When our troubles are due to our ADHD, then it’s time to figure out better alternatives, better actions and reactions that work for us, instead of against us.

So, what is the life you want to live?  It’s your choice! 

Today’s post is the first in my new series about taking ownership of the things in our lives that we control, like our choices, behaviors, actions, and reactions.  I can’t control other drivers, but I can choose my reaction when someone cuts me off.  I couldn’t control the other kids in school, but I could choose my response when a bully said something mean.  I was born with a brain wired differently than most, a fact I also can’t control – but it’s my brain, and I can control how I choose to act, and how I want to live.

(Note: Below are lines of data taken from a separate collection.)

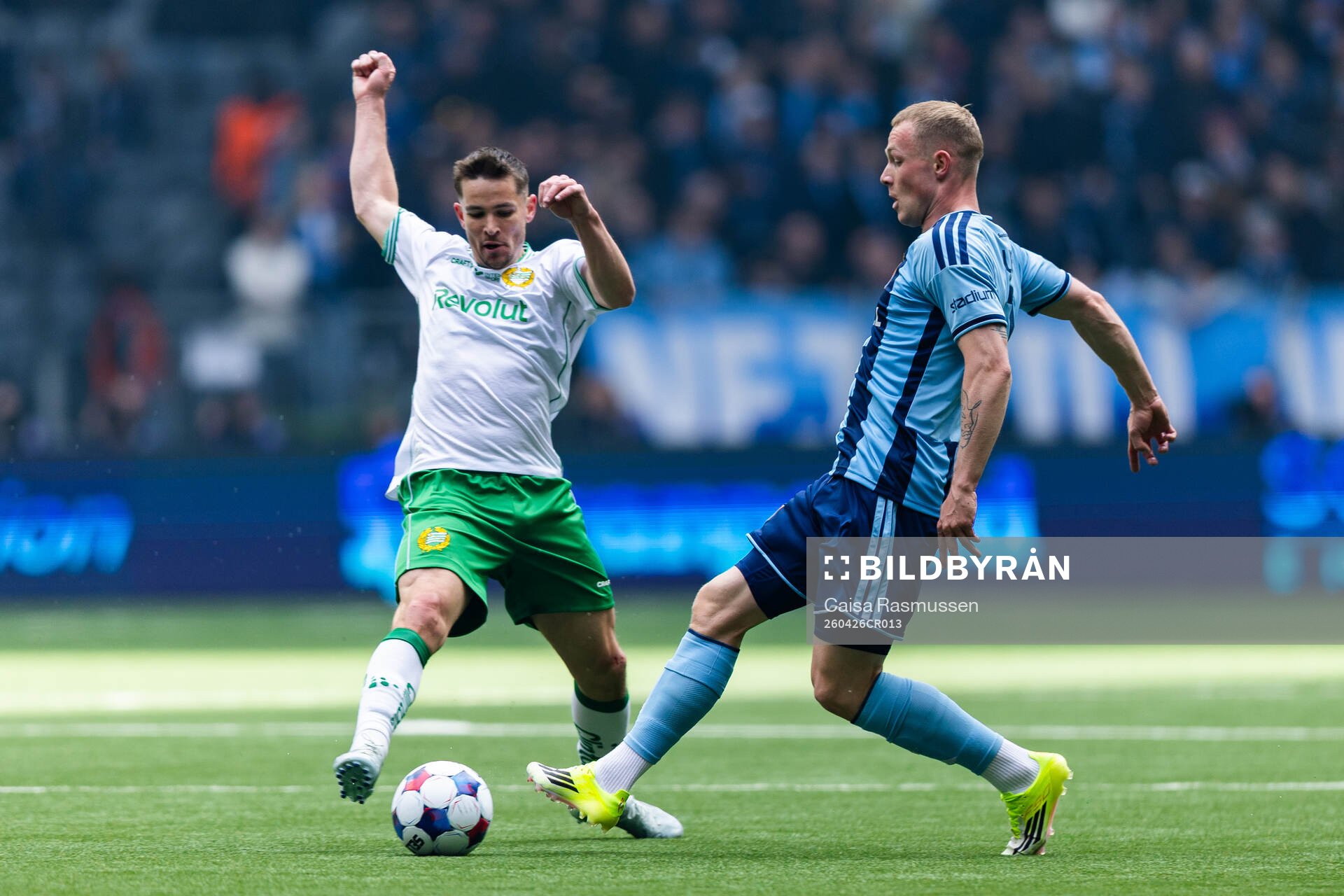 Hammarbys Oscar Johansson Schellhas och Djurgårdens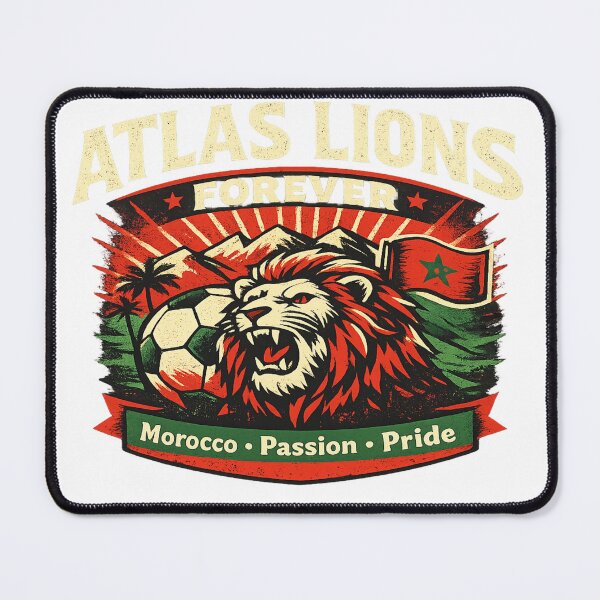 Item preview, Atlas Lions Forever Morocco Football Sticker | Moroccan Soccer Fan Pride Gift designed and sold by sosservice.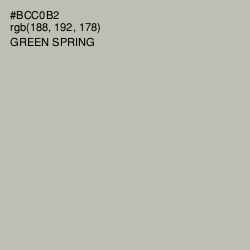 #BCC0B2 - Green Spring Color Image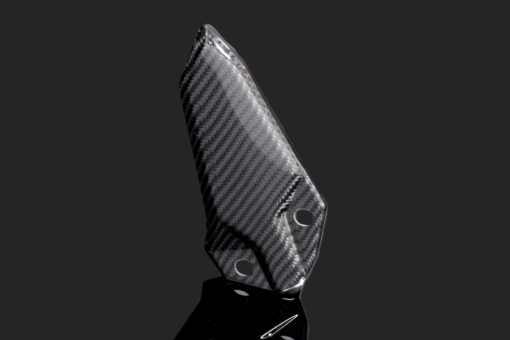 Carbon heel guard set, OEM replacement Kawasaki ZX4R(R) - Image 3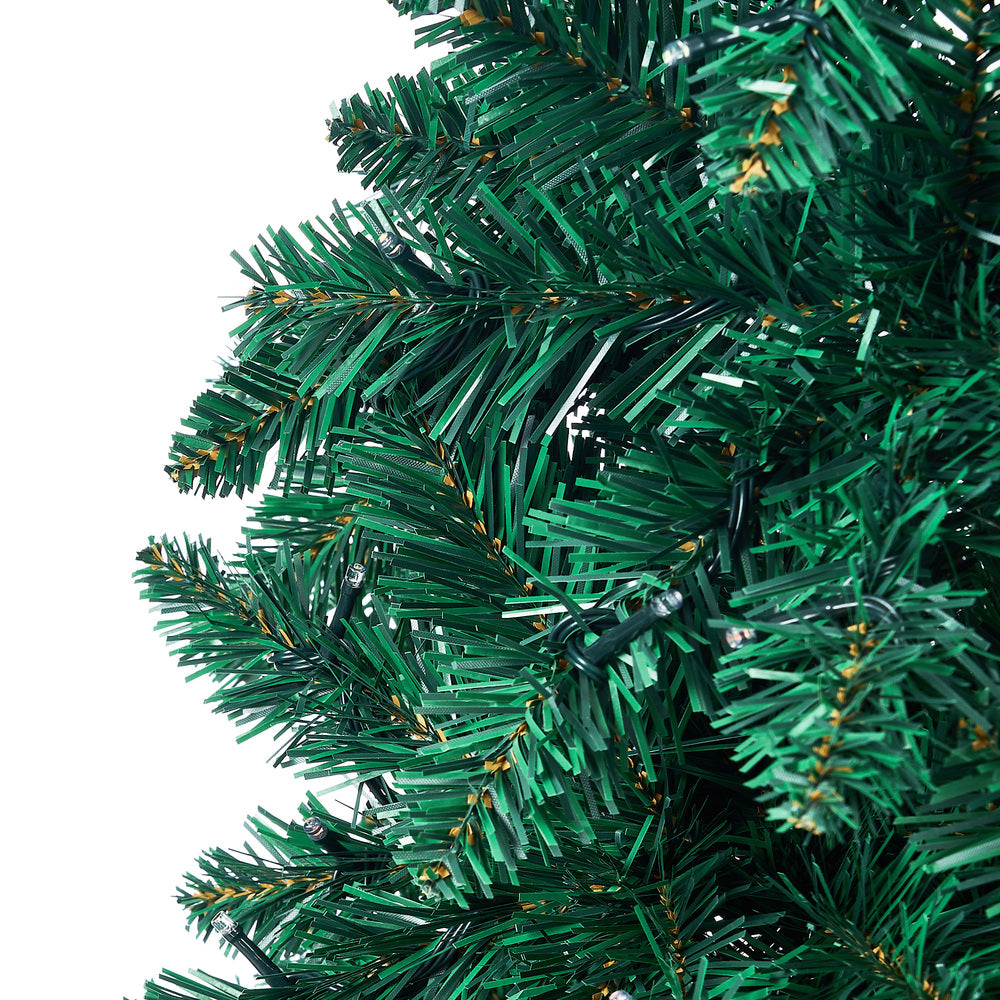 Tinseltown LED Christmas Tree 1.8M 6FT Multi Colour Lights 8 Flash Modes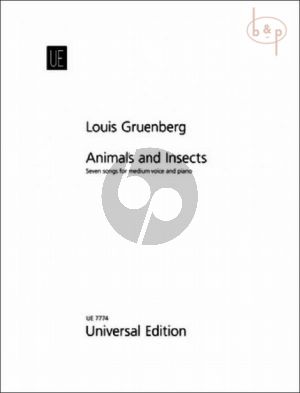 Animals and Insects Op.22 (7 Songs)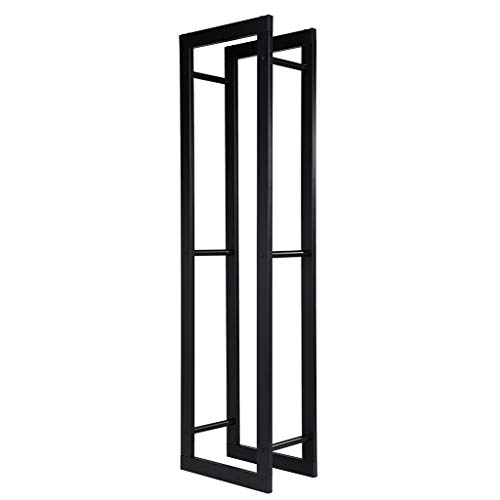 Loywe Kaminholzregal 40X25X150cm Kaminholzhalter Brennholzregal Feuerholzregal Kaminholzständer Brennholz Holzhalter aus Metall in Schwarz LW1084 von Loywe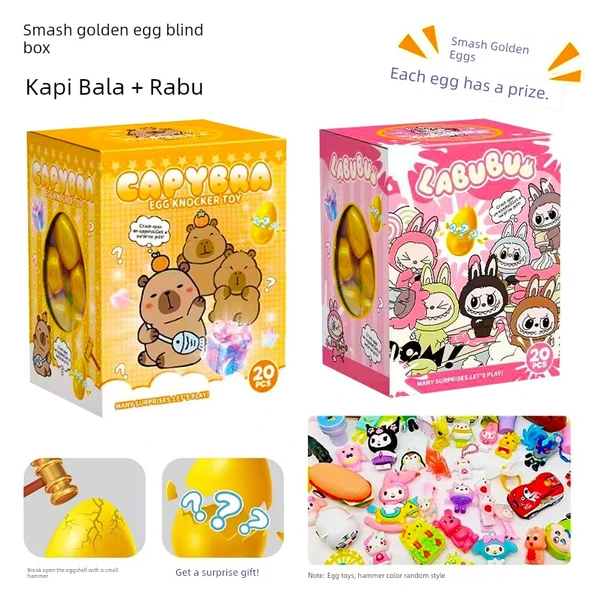 Nezha Doğum Günü Altın Yumurta Kırma Oyuncak - [İki Paket] Kabi Bala + Rab Vurdu 40'lı Paket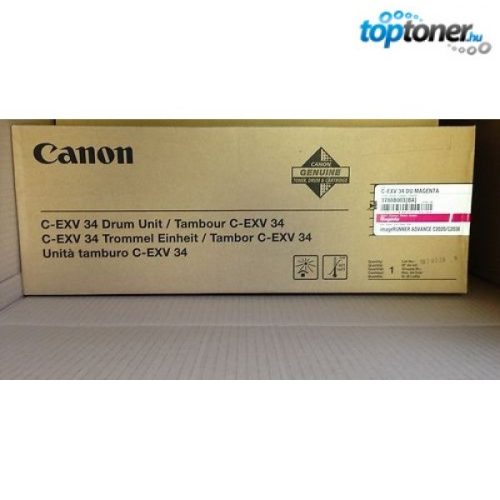 Canon C-EXV34 Dobegység Magenta 36.000 oldal kapacitás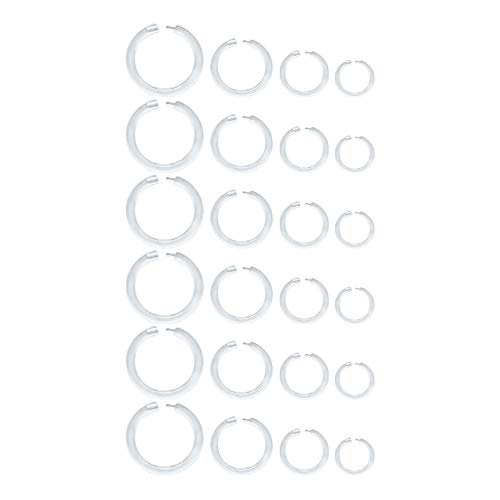 MODRSA 16g 20g Mix Clear Piercing Retainers Plastic Septum Retainer Clear Nose Studs for Work Flexible Lip Plastic Earring Studs for Sport Surgery Invisible Horseshoe Rings Daith Piercing Retainer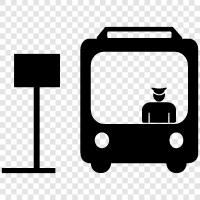 Bus, Bushaltestelle, Buslinie symbol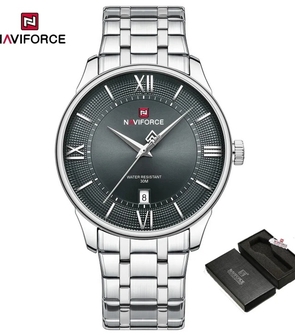 NAVIFORCE NF9272S SILVER BLACK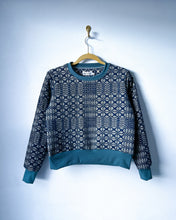 Load image into Gallery viewer, One-of-a-Kind: Antique Woven Coverlet Quilt Pullover (M)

Impulsivity – or Is Love at first sight a real thing?

ADHDers often act impulsively without thinking through possible consequences.  When we make a snap decision, we’re rewarded with a satisfying “hit” of dopamine, and we feel better.  A spontaneous fun party may be just what you want this evening.  But deciding to drink the 7 beers may lead to remorse tomorrow.  Unfortunately, impulsivity can be harmful, even dangerous to us and others.  Our tendency for impulsivity shows up in so many ways, see if any of these are familiar to you:

  • We yell “I hate you!” during a disagreement, even though it’s not true. (When communication channels are broken, we might say anything to get someone to “l.i.s.t.e.n. to me.”)
  • We fall “in love at first sight”, monthly, weekly, serially. (“They’re paying attention to me, it must be love!”)
  • We engage in spontaneous but unprotected sex. (Really, it’s not a good next step in any “love at first sight” situation.)
  • We suddenly quit our job or drop out of school, without plans for next steps. (It becomes habitual when we somehow avoid any harsh consequences, because it becomes easier to do it again when we become stuck.)
  • We automatically grab the Snickers bar when we go inside to pay at the gas station. (Because we always do that.)

How do we stop?  We allow ourselves to begin to notice, to become self-aware, and then proactively retrain ourselves to think first, take action second.  In many situations, we can plan ahead by writing if/then scenarios for them.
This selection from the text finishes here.